Windows NLB and Application Level health check

Recently I came across a scenario where requirement was having Active Passive windows NLB.  So, if Active node experiences issue we should ensure that all the Application related services are stopped on that node and these services are started on passive node. To achieve the failover we need the health check. Windows NLB provides support for all network failures such as active node looses network connectivity, is shut down or crash. In all these cases windows NLB will start sending connections to passive node. However, what if application related service crashes, hangs or stops servicing the connections? Does windows NLB offers any options to initiate failover options with Application level health check?

Windows NLB is great feature for network load balancing, it has not evolved much since windows 2000 days and it does not address above questions directly. However, Microsoft does provide some sample script templates for Monitoring Application Level Health which can be enhanced as required.

I also came across another blog by DAVID TOSOFF, where he has provided a brilliant script which can be configured for application level health check and can be customized to work with any application for NLB. What more is it can also be configured to run as a service.
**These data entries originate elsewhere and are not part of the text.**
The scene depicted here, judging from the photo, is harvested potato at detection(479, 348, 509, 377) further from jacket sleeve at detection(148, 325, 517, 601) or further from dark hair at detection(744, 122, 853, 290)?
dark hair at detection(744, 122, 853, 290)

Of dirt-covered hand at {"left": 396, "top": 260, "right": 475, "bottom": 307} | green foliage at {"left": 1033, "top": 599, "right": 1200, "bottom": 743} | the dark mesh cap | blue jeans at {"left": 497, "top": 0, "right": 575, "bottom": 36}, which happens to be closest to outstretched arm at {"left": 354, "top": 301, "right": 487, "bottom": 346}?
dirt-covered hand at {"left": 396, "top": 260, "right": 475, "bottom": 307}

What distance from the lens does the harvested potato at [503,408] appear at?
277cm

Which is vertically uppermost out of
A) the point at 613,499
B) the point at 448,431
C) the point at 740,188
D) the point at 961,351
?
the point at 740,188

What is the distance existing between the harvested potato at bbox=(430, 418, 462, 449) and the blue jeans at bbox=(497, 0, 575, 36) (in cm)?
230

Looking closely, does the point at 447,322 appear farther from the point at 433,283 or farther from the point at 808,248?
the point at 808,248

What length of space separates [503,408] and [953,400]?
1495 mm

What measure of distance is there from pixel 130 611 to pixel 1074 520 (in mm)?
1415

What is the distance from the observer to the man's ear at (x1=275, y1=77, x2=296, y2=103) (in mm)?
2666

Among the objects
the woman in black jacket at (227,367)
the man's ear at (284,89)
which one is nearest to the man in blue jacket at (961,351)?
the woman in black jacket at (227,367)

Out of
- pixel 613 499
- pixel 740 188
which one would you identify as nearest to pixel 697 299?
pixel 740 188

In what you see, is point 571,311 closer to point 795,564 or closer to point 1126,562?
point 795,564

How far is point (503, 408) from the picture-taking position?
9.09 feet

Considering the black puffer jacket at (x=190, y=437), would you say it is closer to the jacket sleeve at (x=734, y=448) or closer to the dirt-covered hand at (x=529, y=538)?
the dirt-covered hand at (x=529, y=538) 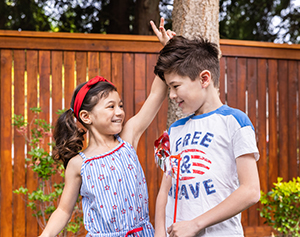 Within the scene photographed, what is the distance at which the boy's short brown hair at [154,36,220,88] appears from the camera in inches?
53.2

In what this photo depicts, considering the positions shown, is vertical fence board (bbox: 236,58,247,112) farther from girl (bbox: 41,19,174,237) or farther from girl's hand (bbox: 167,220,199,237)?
girl's hand (bbox: 167,220,199,237)

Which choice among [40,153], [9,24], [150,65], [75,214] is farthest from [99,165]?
[9,24]

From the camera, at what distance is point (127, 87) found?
12.7ft

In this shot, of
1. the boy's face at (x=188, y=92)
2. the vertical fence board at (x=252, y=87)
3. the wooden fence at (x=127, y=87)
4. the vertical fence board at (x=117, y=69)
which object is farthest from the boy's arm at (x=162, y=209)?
the vertical fence board at (x=252, y=87)

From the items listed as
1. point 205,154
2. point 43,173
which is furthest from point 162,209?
point 43,173

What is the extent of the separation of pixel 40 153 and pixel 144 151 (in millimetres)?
1340

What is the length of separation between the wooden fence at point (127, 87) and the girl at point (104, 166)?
2.00m

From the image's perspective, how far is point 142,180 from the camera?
181 cm

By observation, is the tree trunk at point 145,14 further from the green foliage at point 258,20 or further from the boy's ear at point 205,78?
the boy's ear at point 205,78

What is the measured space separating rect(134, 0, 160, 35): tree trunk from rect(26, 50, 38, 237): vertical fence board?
2.10 meters

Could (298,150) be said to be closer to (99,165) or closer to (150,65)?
(150,65)

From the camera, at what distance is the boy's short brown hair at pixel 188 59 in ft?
4.43

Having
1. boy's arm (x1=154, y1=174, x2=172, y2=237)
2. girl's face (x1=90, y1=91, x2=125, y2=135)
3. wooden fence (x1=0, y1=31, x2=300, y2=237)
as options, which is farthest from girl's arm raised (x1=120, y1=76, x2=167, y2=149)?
wooden fence (x1=0, y1=31, x2=300, y2=237)

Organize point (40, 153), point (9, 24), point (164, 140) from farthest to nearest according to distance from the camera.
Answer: point (9, 24) < point (40, 153) < point (164, 140) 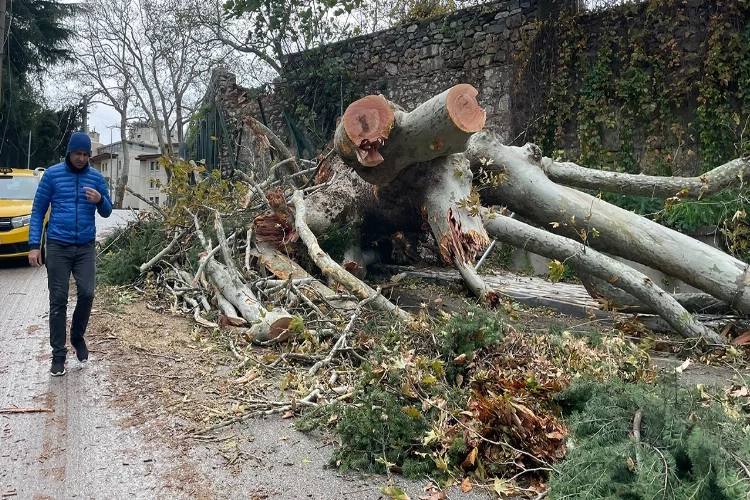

However, all i needed is to have a script which will check if certain services are running on Active node. If any of the service is not running, stop all services on Active Node, make it passive, start services or passive node and make it active. After looking for few pieces of code from different blogs and forums i came up with below Power shell script to accomplish this task.

In addition to the service health check and initiating failover, this script also provides basic health check and recovery for NLB cluster.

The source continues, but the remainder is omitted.